La grande artista racconta l’aggressione subita a Palazzo Strozzi ed il suo successivo incontro con l’artista che le ha spaccato una tela in testa. “Bisogna perdonare, come dice il Dalai Lama”
“Tra la folla c’era un uomo sulla quarantina che portava con sé un dipinto raffigurante il mio volto in modo distorto. Si è avvicinato guardandomi dritto negli occhi e io gli ho sorriso, pensando che fosse un regalo per me”. A distanza di un giorno, Marina Abramović trova la lucidità per raccontare con le sue parole e commentare l’aggressione subita a Palazzo Strozzi, dove si è appena inaugurata la grande mostra “The cleaner”, ed il suo successivo incontro con l’artista che le ha spaccato una tela in testa. “In una frazione di secondo ho visto la sua espressione cambiare e diventare violenta, venendo verso di me molto velocemente e con grande forza. Sapete, i pericoli arrivano sempre molto rapidamente, come la morte stessa. E bisogna essere molto vigili per cogliere la sfida”.
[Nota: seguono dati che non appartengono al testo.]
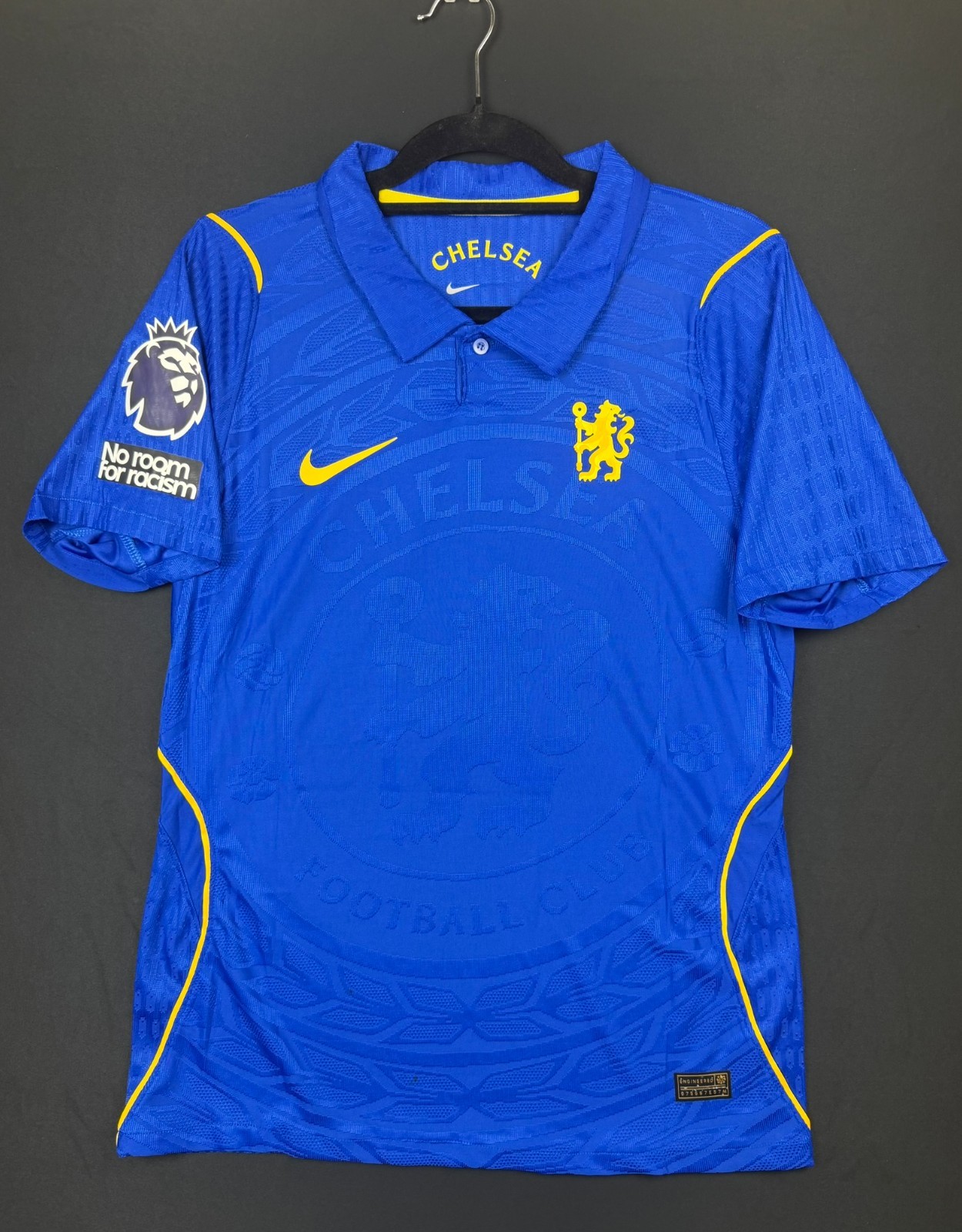 Cole Palmer #10 Chelsea Season 2026-2027 Cole Palmer #10 Chelsea Season 2026-2027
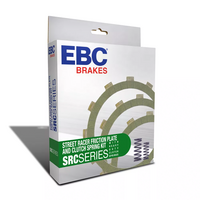EBC Clutch Kit SRC Complete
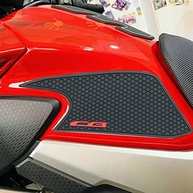 Tank Pad Protetor Antiderrapante para CB400X CB500X (2013-2025) - Borracha PVC Premium - imagem 5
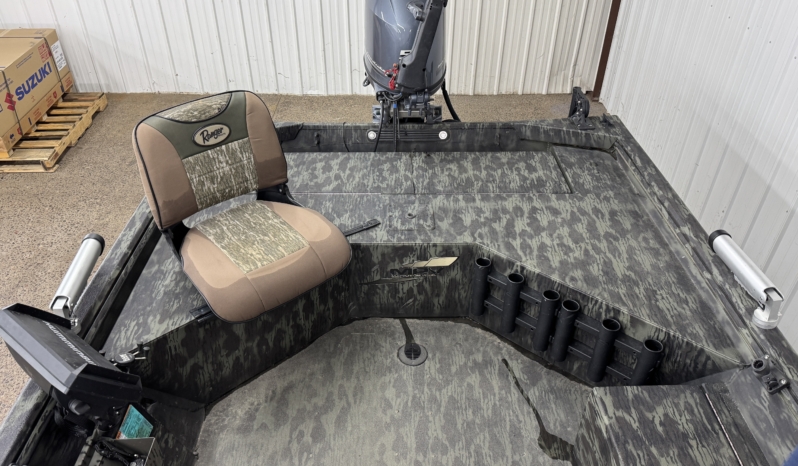 2019 RANGER 1652 MV full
Dove è accaduto l’episodio? “Il fatto è successo dopo l’ultimo appuntamento in programma nell’ambito della mostra di Palazzo Strozzi ed ero molto felice per come era andato”, ricorda la Abramović. “Sono uscita dalla sala dove abbiamo svolto il booksigning e c’erano tante persone ad aspettarmi per una foto o per un autografo. In particolare c’erano tanti giovani che mi stavano dimostrando tanto affetto, che ho sentito tanto qui a Firenze in questi giorni”. Poi riaffiora il ricordo delle immagini dell’aggressione: “Tutto ad un tratto mi ha sbattuto in testa violentemente il quadro, intrappolandomi dentro la cornice. Tutto è successo molto rapidamente. Poi le guardie lo hanno isolato e fermato e il direttore Arturo mi ha portato nel retro del bar nel cortile di Palazzo Strozzi per tranquillizzarmi. Ero sotto shock. Ma la prima cosa che ho chiesto è stata: voglio parlare con lui, voglio sapere perché l’ha fatto. Perché questo odio contro di me?”. Lui ha detto: “L’ho dovuto fare per la mia arte”. Questa è stata la sua risposta.